The opening ceremony is a routine all students from preschool to sixth grade partake in to begin each school day in the church/school parking lot. Standing alongside the flagpole, they recite the Pledge of Allegiance to Old Glory and Christian flags; hear fellow students recite Bible verses, famous speeches and/or poetry; pray the Lord’s Prayer; recite Latin greetings; and lift up those celebrating birthdays in song.
It’s a simple ceremony, to be sure — but for all it encompasses, it has become something students say they look forward to sharing each morning. Standing shoulder to shoulder with classmates facing fields of crops evokes a unifying spirit that Principal Sara Nielsen calls the perfect way to start the school day.
“Doing the pledges together and having students recite Bible verses, saying the Lord’s Prayer and speaking in Latin, I can’t think of a better way to begin the day,” Nielsen said. “We love it. The teachers are really happy with how it’s going, and the parents are really pleased and excited to come watch their children.”
The school’s education model and opening ceremony format are borrowed from Hillsdale Academy in Michigan, which has become the model for Zion’s program. Staff from Zion visited the academy during the summer months to shadow the program and pick up pointers for its own fledgling program, which entered its third year of adoption in 2021 at the longtime Hastings Christian school.
“We’re going back to our roots, so to speak,” Nielsen said. “This is education the way children were educated 100-plus years before all this educational reform started happening.”
John Andrew Haygood was homeschooled through fourth grade before enrolling at Zion. Now a sixth-grader, the son of Grace Life Church pastor Chadwick and Meredeth Haygood says he has grown to appreciate the shared educational experience he now enjoys and how the opening ceremony encompasses those things he enjoys most at the academy.
“I’m really happy that it’s a classical and Christian education,” he said. “I think those two things go really good together.

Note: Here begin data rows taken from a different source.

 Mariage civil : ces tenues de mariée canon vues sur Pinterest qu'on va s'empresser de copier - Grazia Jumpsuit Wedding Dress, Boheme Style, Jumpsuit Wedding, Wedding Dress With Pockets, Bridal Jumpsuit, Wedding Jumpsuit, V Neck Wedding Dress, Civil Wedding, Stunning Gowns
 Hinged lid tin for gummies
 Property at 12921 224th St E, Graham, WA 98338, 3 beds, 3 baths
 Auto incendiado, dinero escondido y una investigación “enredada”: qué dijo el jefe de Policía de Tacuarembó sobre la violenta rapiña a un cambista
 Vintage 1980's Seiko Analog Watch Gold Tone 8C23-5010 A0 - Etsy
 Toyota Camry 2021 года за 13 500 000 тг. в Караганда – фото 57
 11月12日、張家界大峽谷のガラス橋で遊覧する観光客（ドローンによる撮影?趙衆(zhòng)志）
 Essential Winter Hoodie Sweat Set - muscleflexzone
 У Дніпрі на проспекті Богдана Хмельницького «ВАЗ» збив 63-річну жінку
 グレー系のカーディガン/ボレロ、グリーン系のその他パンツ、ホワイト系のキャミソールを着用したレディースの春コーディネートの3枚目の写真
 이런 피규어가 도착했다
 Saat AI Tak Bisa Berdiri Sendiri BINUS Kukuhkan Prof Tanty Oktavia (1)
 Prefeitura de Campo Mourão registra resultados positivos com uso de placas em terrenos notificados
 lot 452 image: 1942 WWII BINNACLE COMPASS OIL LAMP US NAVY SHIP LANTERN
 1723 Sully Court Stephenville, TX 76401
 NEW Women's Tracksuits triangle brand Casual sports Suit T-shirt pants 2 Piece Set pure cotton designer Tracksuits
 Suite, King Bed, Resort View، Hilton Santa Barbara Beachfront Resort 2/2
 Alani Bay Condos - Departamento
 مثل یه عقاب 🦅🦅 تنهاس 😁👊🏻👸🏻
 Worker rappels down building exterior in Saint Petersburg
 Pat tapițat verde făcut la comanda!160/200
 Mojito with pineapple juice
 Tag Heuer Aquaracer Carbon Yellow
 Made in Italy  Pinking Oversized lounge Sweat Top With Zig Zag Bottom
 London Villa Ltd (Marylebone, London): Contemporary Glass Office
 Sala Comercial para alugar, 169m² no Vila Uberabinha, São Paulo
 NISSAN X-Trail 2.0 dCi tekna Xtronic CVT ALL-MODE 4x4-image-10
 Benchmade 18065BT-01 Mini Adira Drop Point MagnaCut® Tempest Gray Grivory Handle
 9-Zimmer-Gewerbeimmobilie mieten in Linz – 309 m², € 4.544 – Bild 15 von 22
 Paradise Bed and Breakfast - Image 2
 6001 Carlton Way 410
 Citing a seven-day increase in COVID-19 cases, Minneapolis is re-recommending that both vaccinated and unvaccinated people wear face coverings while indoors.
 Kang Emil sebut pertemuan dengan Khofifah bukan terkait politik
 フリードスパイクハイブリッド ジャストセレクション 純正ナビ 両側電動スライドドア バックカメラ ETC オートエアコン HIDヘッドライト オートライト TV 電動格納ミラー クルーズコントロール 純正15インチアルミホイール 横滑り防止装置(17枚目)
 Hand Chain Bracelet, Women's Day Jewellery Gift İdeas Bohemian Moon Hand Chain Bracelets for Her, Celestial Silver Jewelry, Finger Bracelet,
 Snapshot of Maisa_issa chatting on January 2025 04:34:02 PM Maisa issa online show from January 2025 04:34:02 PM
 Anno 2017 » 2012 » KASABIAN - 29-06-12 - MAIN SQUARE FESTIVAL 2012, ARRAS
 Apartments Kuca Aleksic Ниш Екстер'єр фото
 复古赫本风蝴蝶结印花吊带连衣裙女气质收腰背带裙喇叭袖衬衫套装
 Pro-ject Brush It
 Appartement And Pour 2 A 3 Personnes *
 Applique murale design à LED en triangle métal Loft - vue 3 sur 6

“Doing the opening ceremony with the whole school, it feels like we’re all in it together. We come outside and we’re kind of waking up, and it’s like, “OK, it’s school time.’ Another reason they do it outside is we get to see God’s creation and everything that he has made.”
Second-grader Nash Maendele said he likes how the opening ceremony puts God first to start the day.
“I like God,” he said.
Already Nash is looking forward to delivering his first recitation in front of the school on Oct. 13.
“The fun part about it is that it is on a field trip day to the pumpkin patch, so I’m going to do it in front of a lot more people,” he said.
Third-grader Claire Peterson wore a headset audio microphone to deliver her recitation on looking to heavens during the Sept. 16 opening ceremony.
“It was hard,” she said. “It took me a few weeks to memorize the whole thing. It felt like it went well. My face kinda got red. I felt it.”
A former student at Adams Central, Claire said she likes some of the notable program additions at Zion, including the opening ceremony.
“I like that it has Latin and that we get to learn about God and have chapel,” she said. “I like doing the Pledge of Allegiance because we don’t just do the regular one, we do one about the cross and Jesus.”
Fourth-grader Olivia Ablott said she likes starting the day beside the flagpole each morning.
“It’s a really good way to start your day,” she said. “I like that you can learn with your friends. It’s just really fun.”